Give back, unchanged, each line from the one containing "Short sleeve T-shirt /Size Extra large" through the last line of the entries below.

*** Input

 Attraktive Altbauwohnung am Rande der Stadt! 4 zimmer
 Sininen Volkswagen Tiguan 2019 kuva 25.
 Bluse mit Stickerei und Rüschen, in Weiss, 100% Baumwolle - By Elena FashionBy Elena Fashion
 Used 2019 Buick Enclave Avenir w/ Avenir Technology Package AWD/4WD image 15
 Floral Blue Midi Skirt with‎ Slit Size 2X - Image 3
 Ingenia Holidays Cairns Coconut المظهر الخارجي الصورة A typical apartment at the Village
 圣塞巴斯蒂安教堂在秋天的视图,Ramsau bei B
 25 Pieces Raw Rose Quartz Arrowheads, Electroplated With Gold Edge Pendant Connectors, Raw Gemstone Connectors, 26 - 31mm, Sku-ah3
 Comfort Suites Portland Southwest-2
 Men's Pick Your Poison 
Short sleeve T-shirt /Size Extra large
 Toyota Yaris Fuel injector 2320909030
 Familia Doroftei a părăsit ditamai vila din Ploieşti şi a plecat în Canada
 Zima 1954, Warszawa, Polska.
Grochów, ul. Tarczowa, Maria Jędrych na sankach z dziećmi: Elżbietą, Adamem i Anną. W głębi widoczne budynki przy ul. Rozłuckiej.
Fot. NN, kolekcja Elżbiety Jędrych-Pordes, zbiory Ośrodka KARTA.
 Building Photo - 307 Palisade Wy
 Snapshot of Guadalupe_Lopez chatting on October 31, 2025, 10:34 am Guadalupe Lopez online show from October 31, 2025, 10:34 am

******

◆ **Solved problem**:
Short sleeve T-shirt /Size Extra large
 Toyota Yaris Fuel injector 2320909030
 Familia Doroftei a părăsit ditamai vila din Ploieşti şi a plecat în Canada
 Zima 1954, Warszawa, Polska.
Grochów, ul. Tarczowa, Maria Jędrych na sankach z dziećmi: Elżbietą, Adamem i Anną. W głębi widoczne budynki przy ul. Rozłuckiej.
Fot. NN, kolekcja Elżbiety Jędrych-Pordes, zbiory Ośrodka KARTA.
 Building Photo - 307 Palisade Wy
 Snapshot of Guadalupe_Lopez chatting on October 31, 2025, 10:34 am Guadalupe Lopez online show from October 31, 2025, 10:34 am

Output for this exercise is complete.